Je kunt niet meer terug. Of, eigenlijk, je wilt ook niet meer terug. Je bent zo veranderd, dat je lastig terugkeert naar de plek waar je vandaan kwam. Dat komt omdat de stad je wereld groter maakt. Je raakt vooroordelen kwijt en je vindt soms nieuwe vooroordelen. Je maakt nieuwe vrienden. Op je studentenvereniging doe je opeens een heel nieuw vocabulaire op. Je raakt vertrouwt met andere culturen en sociale achtergronden. Je ziet wat armoede is in de wijk waar je woont. Je ziet de vriendelijke moslims op vrijdagmiddag naar hun gebed gaan. Je raakt gesteld op je Marokkaanse buurman. Hij heet Abdelkader, maar zeg maar Appie.
En voor je het weet, ben je stads. Wat misschien vooral betekent dat je niet meer terug kunt gaan naar waar je vandaan komt. Ja, natuurlijk, je kunt terugverhuizen naar Ede of Middelburg, of waar je ook vandaan komt. En iedereen kan in een polder wonen, dat is het niet. Maar zou je er weer kunnen aarden? Zou je je nog thuis voelen in de kerk van je jeugd? Zou je de manier waarop men daar soms spreekt over buitenlanders nog kunnen harden? Zou je de manier waarop men over Gód spreekt nog mee kunnen maken? Of ben je het ontgroeid? Kunnen je ouders je nog begrijpen nu je andere keuzes maakt in privédingen? Of ben je dit soort onderwerpen gaan mijden als je weer eens ‘thuisthuis’ bent?

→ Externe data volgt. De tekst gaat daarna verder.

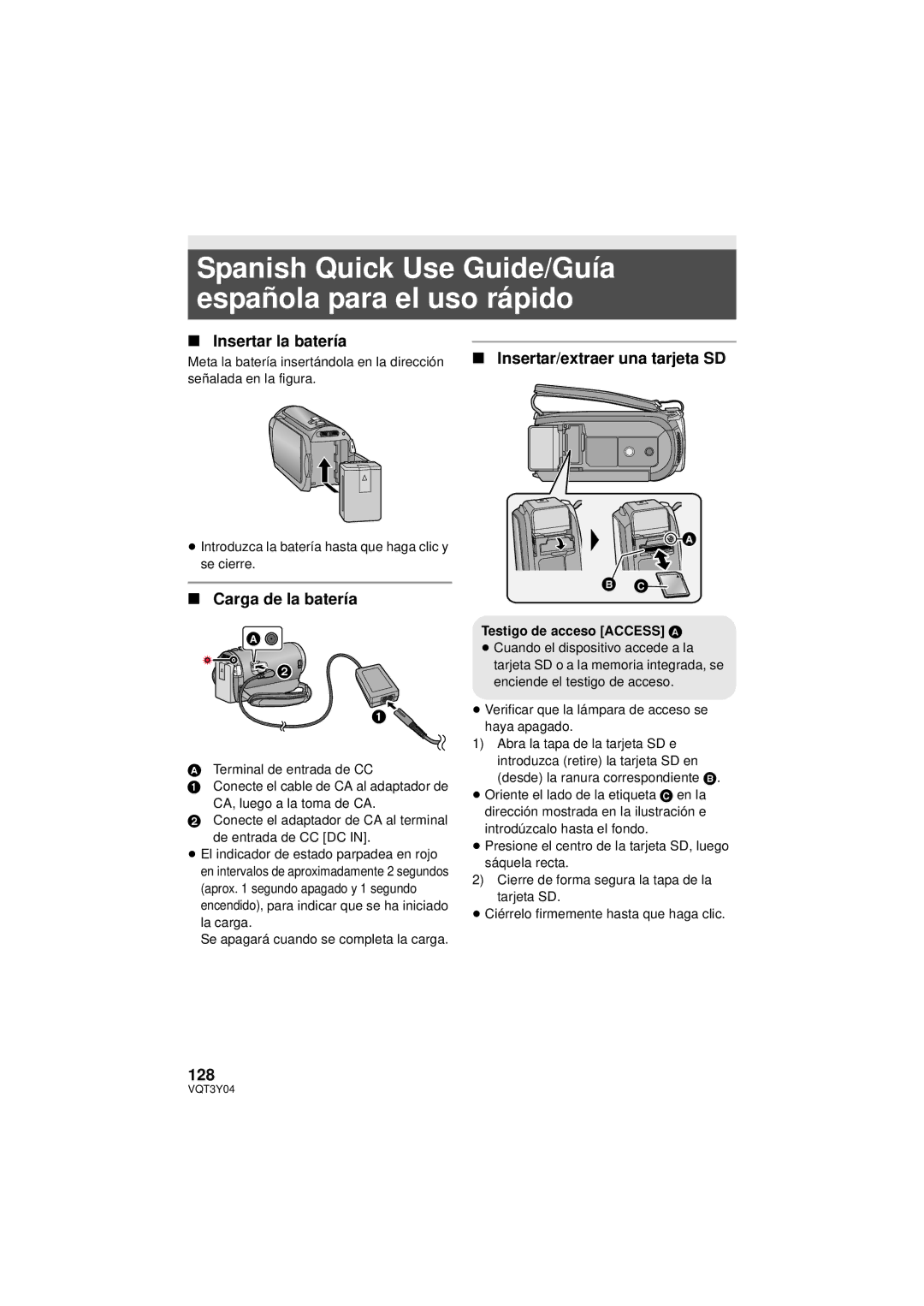 Panasonic HC-V100 Spanish Quick Use Guide/Guía española para el uso rápido, Insertar la batería, Carga de la batería, 128 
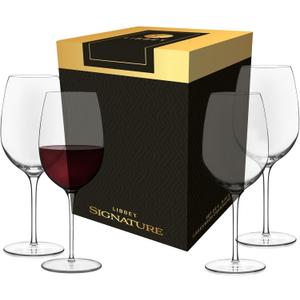 Libbey Signature Kentfield Wine Glasses, 20-Ounce, Set of 4, Made in USA, Dishwasher Safe, Classic Stemmed Glassware, Gift Box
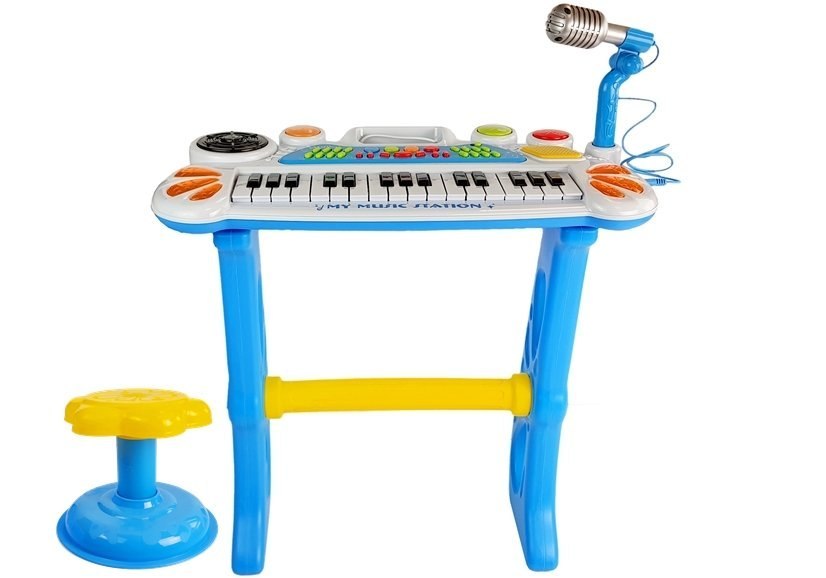 Keyboard z Mikrofonem i Krzesełkiem USB Niebieski Keyboard z Mikrofonem i Krzesełkiem USB Niebieski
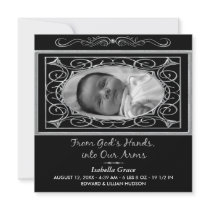 Black and White Square Birth Annoucement Custom Invites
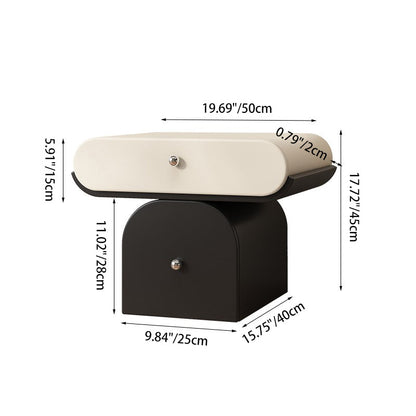 Modern Minimalist Solid Wood Plywood Faux Leather Rounded Nightstand With 2-Drawer Storage For Bedroom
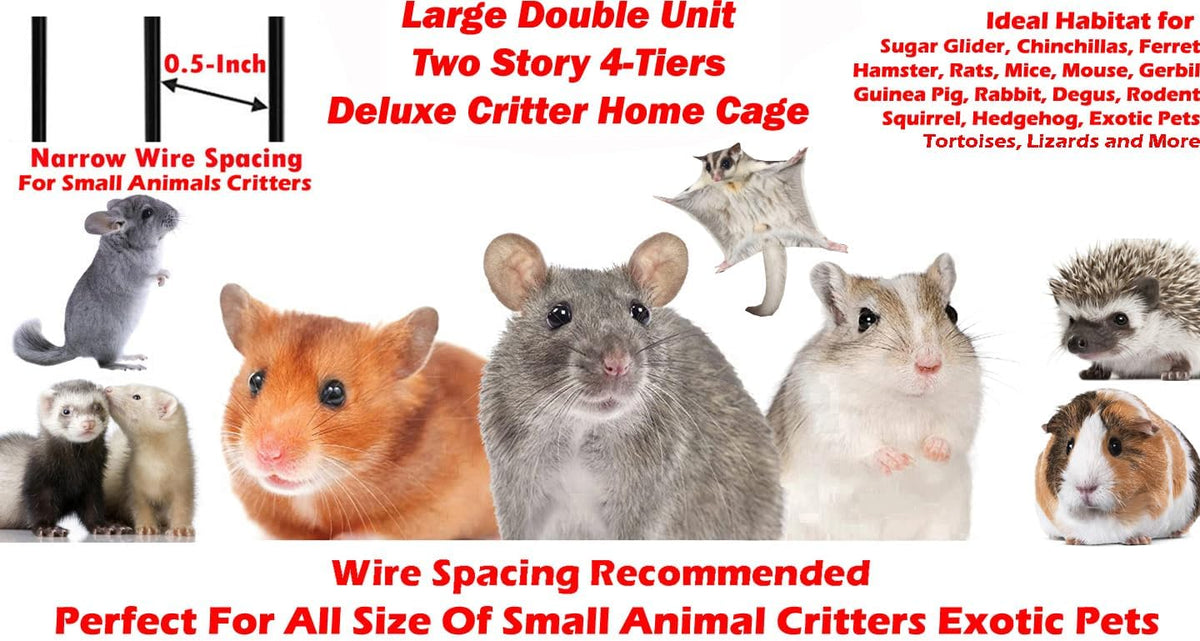 Large Two Full Story Deluxe Double Unit Small Animal Critters Rolling - image 2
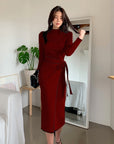 Knit Ribbed Wrap Midi Dress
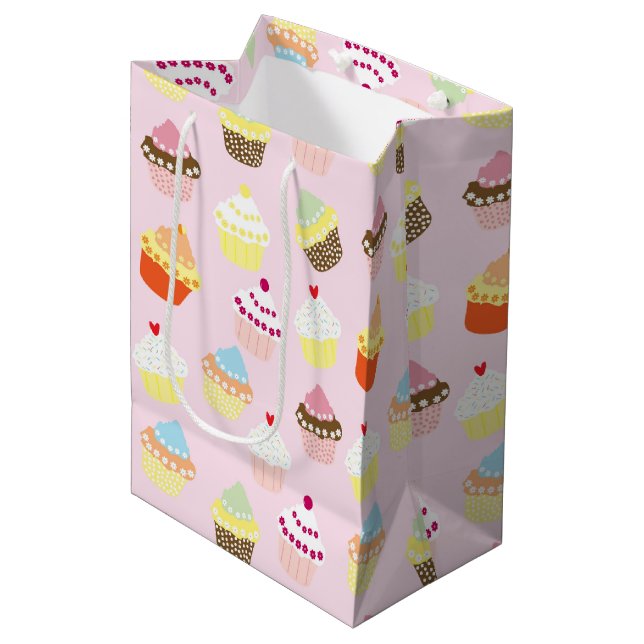 Farbenfrohe Cupcakes-Geschenktasche Mittlere Geschenktüte (Vorderseite Schrägansicht)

Naar de stad gaan, is iets achterlaten, is ergens anders vandaan komen en niet zelden op den duur niet meer terug kunnen. Stedelingen zijn in dat opzicht vaak ballingen. Dat is Ezechiël ook. Een jonge priester; dertig jaar oud. Sommige Bijbeluitleggers interpreteren dat getal in het eerste vers als zijn leeftijd. Ezechiël is opgegroeid en opgeleid om in de tempel van Jeruzalem zijn werk te doen. Van jongs af aan wordt hij klaargestoomd om zijn roeping als priester in de tempel te vervullen. Alles in die tempel heeft een betekenis. De gouden voorwerpen. De altaren. De kleding die de priesters moesten dragen. De cultische handelingen die priesters moeten verrichten voordat ze de tempel binnen mogen gaan. Alles wijst naar de heilige aanwezigheid van God op die plek. God woont in de tempel. Dat is de plek waar Hij troont, is de overtuiging van het jodendom in die tijd. God troont in het binnenste gedeelte van de tempel, op de vleugels van twee gouden engelen die zich bevinden bovenop de ark van het verbond: een met goud overtrokken kist met daarin oude attributen die herinneren aan Gods geschiedenis met dit volk. Dit is Gods huis.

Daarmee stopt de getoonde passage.